Widgery was quoted in mid-April as saying that since Floyd’s May 25, 2020 death, 111 new policing reform laws have passed, about 1,600 others still are pending, and nearly 50 bills and resolutions bear Floyd’s name. The fallout from the Floyd death, has been monumental and life-altering – making true young Gigi’s proclamation. Lawmakers, scholars, news pundits, clerics, and corporate leaders have put forth their interpretations of what it all means and how to make policing more fair and safer. The world may never know why the 2020 death and life of the flawed, alleged criminal have had such an impact.
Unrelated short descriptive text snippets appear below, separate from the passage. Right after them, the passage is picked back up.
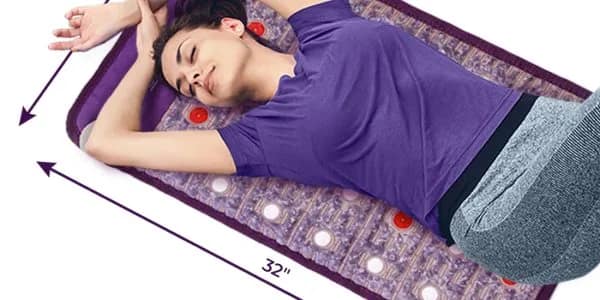 User resting on Sparkle PEMF MiniMat for muscle recovery and improved circulation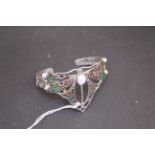 Silver plique a jour bangle in the Art Deco style with central opal panel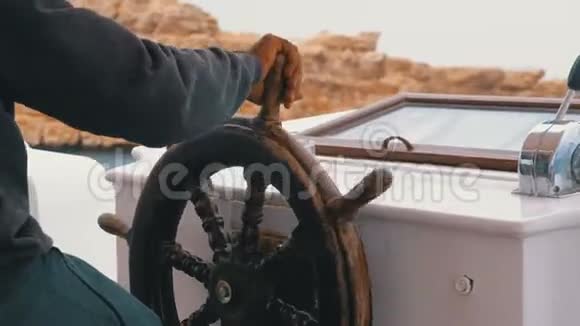船长在靠近岩石的海上风暴中控制着旅游游艇游艇的方向盘视频的预览图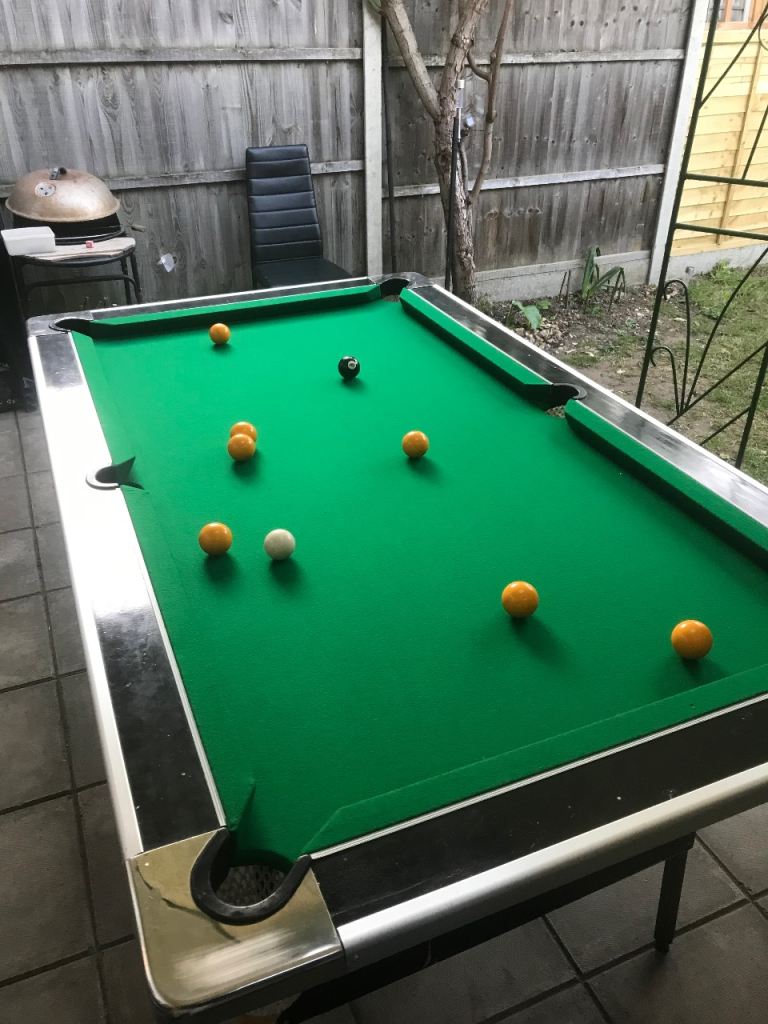 Pool table with cues and balls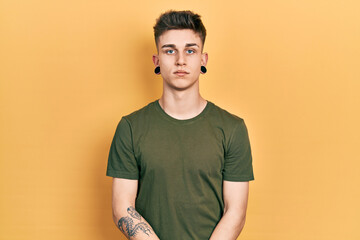 Young caucasian boy with ears dilation wearing casual green t shirt with serious expression on face. simple and natural looking at the camera.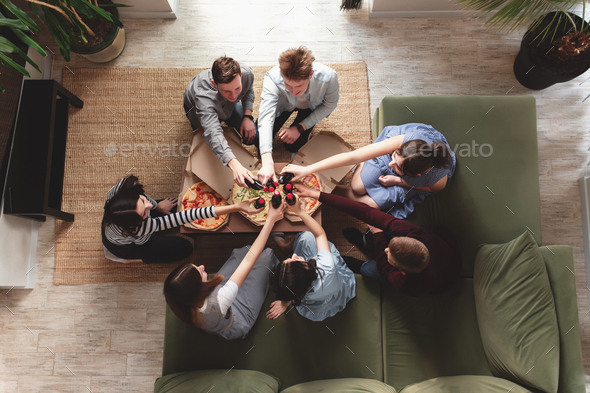Pizza party, group of friends chatting, eating pizza, drinking sweet soda water - Stock Photo - Images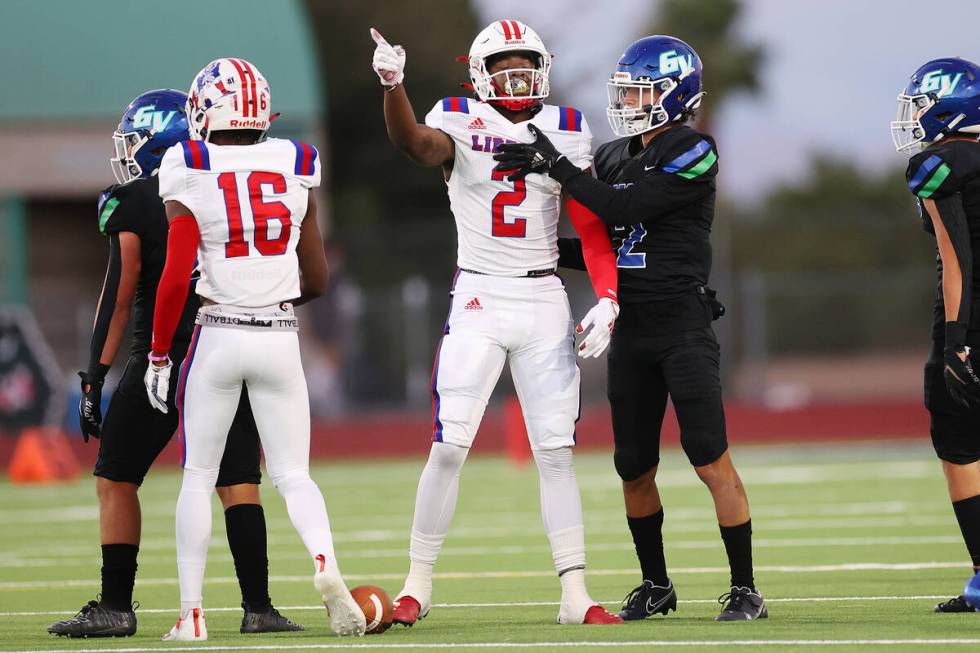 Liberty's Germie Bernard (2) signals a first down after his run in the first half of a football ...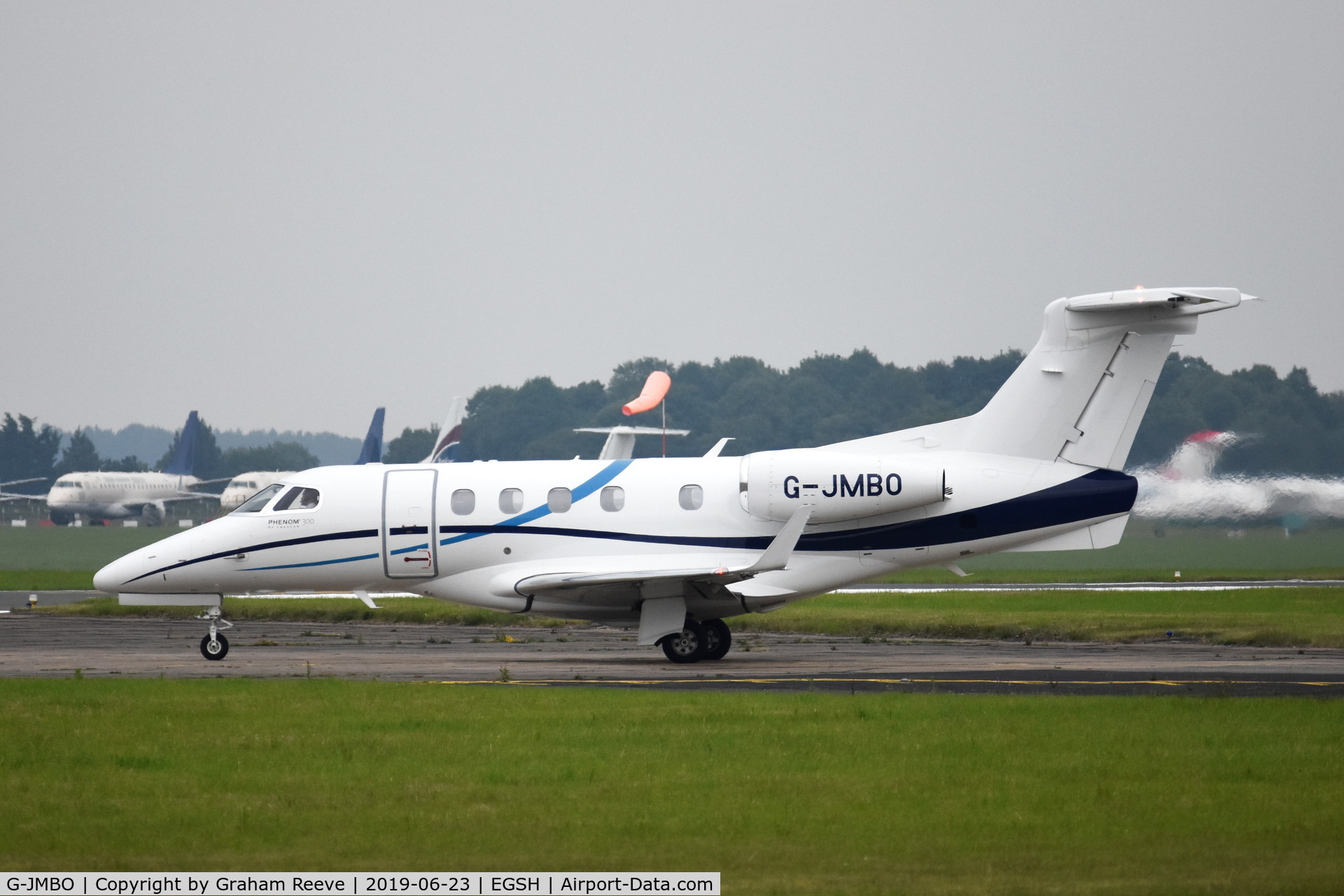 G-JMBO, 2016 Embraer EMB-505 Phenom 300 C/N 50500366, Departing from Norwich.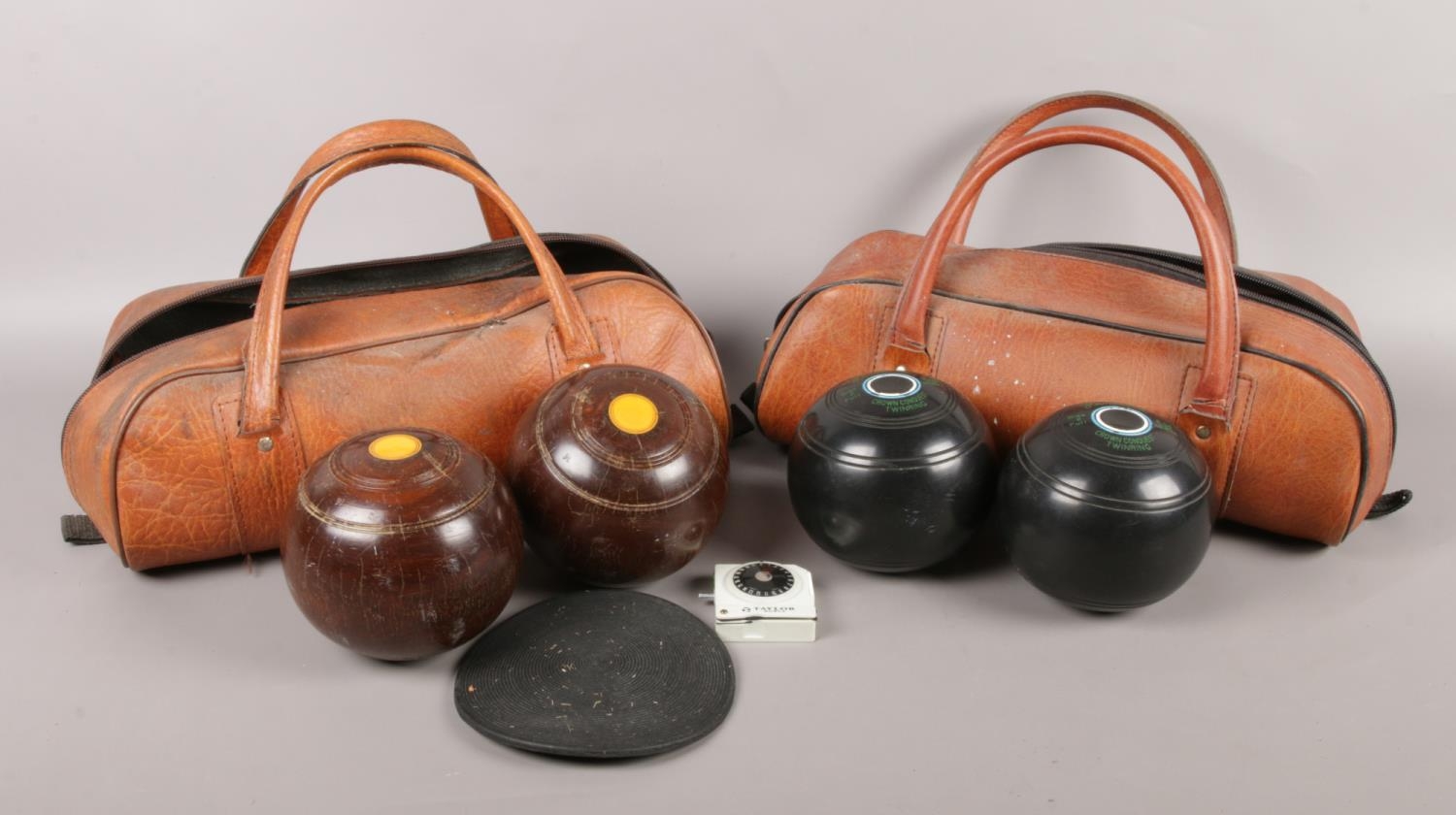 Two pairs of crown green bowls, in travel bags. Also includes a set of measures and foot mat.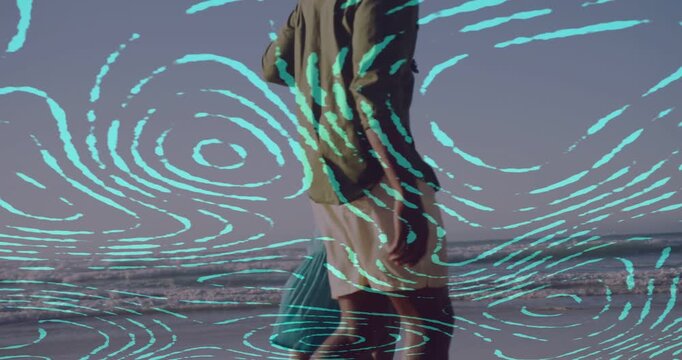 Vertical video: Walking family at beach, child in teal reaching up and adult lifting her, overlay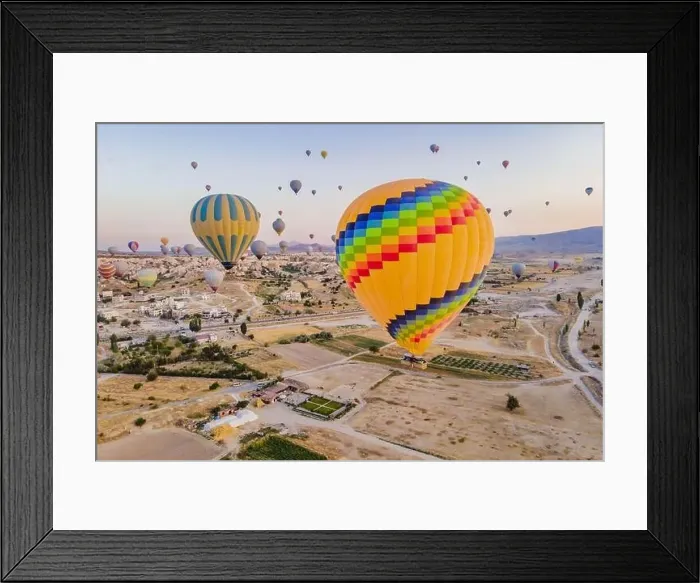 Framed Print : Colorful hot air balloons flying over at fairy chimneys valley in Nevsehir Framed Print : Colorful hot air balloons flying over at fairy chimneys valley in Nevsehir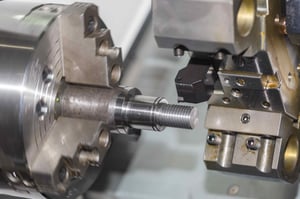 The chuck here holds a workpiece in place, while the tool shaves away pieces to shape the workpiece.
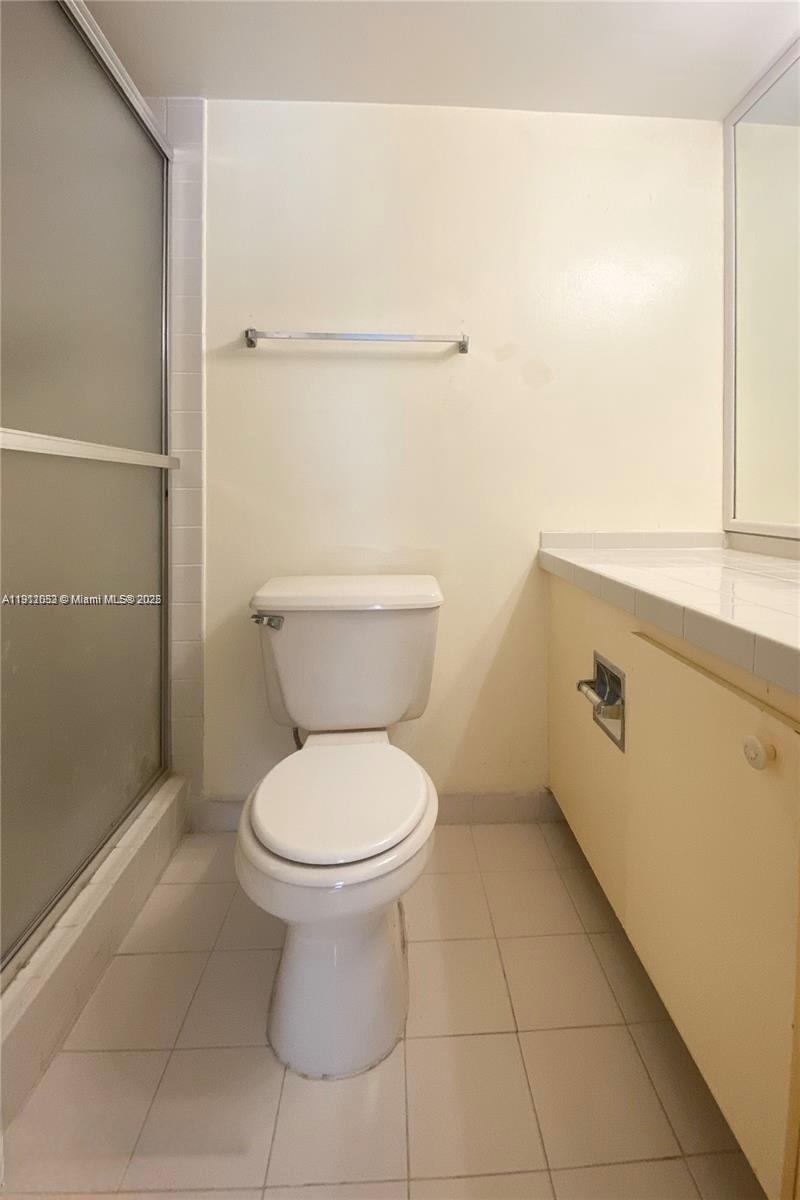 430 Golden Isles Drive, Unit 701 Hallandale Beach, FL 33009 - Photo 4 of 11 a bathroom with a toilet and a sink
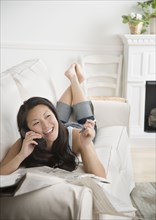 Young Asian woman using telephone on sofa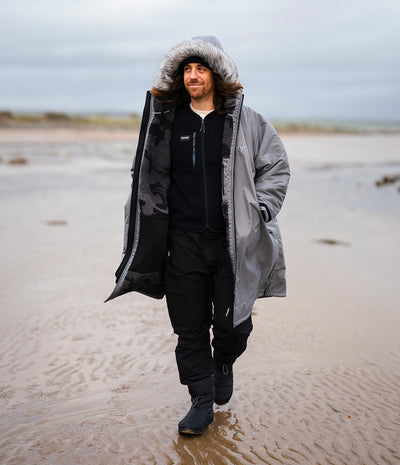*MALE* A man walking on a sandy beach wearing a long gray hooded Dryrobe with a black and gray patterned lining, a black zip-up hoodie, black pants, and black boots.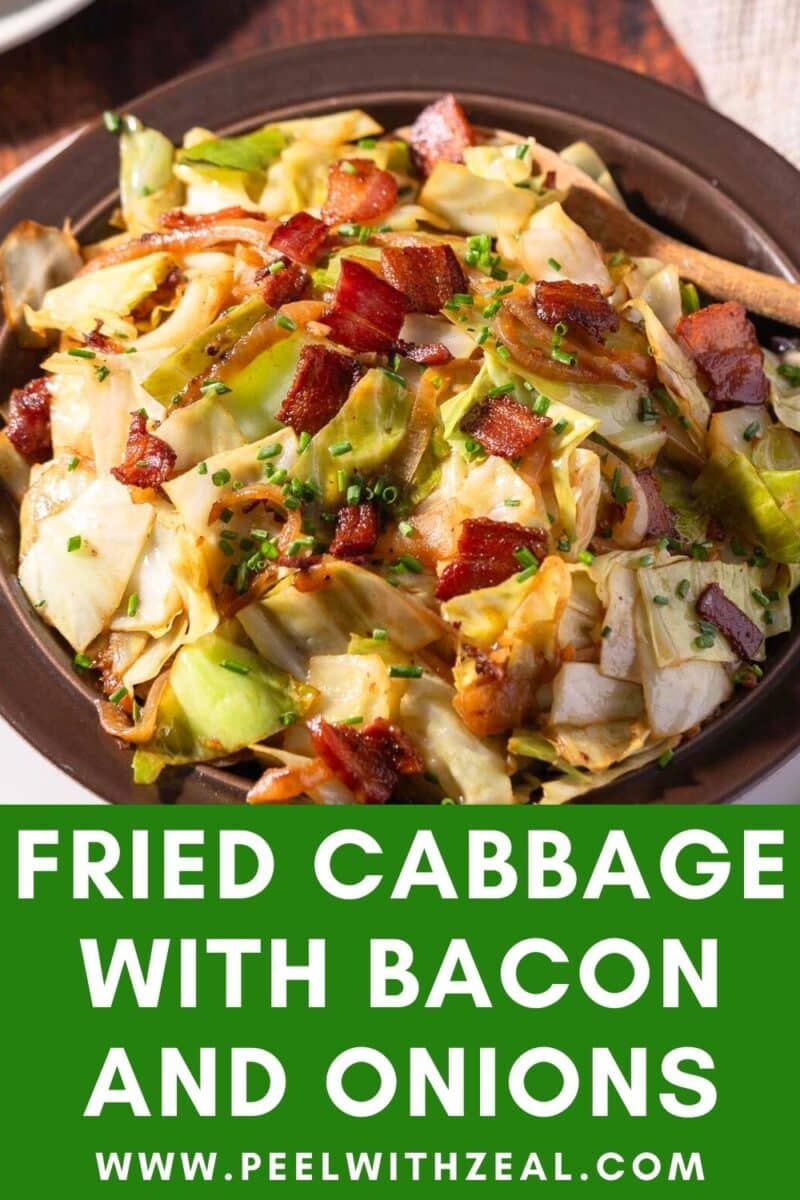 A bowl of savory fried cabbage with crispy bacon and onions, garnished with fresh chives. Text on the image reads: "Fried Cabbage with Bacon and Onions www.peelwithzeal.com.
Those blank sheets of paper – whether papyrus, parchment, scrolls or bamboo – that have shaped government: the Magna Carta, Declaration of Independence, U.S. Constitution, and Bill of Rights to name a few – ultimately became national treasures when written upon. And those blemished, Biblical characters who originally were nobodies – Moses, Rahab, Peter, Paul, Mary Magdalene, and the uneducated fishermen disciples, to name a few – are names cemented in national memory. Will Floyd’s legacy be that he changed policing? Maybe time will tell.
Norma Adams-Wade, is a proud Dallas native, University of Texas at Austin journalism graduate and retired Dallas Morning News senior staff writer. She is a founder of the National Association of Black Journalists and was its first southwest regional director. She became The News’ first Black full-time reporter in 1974.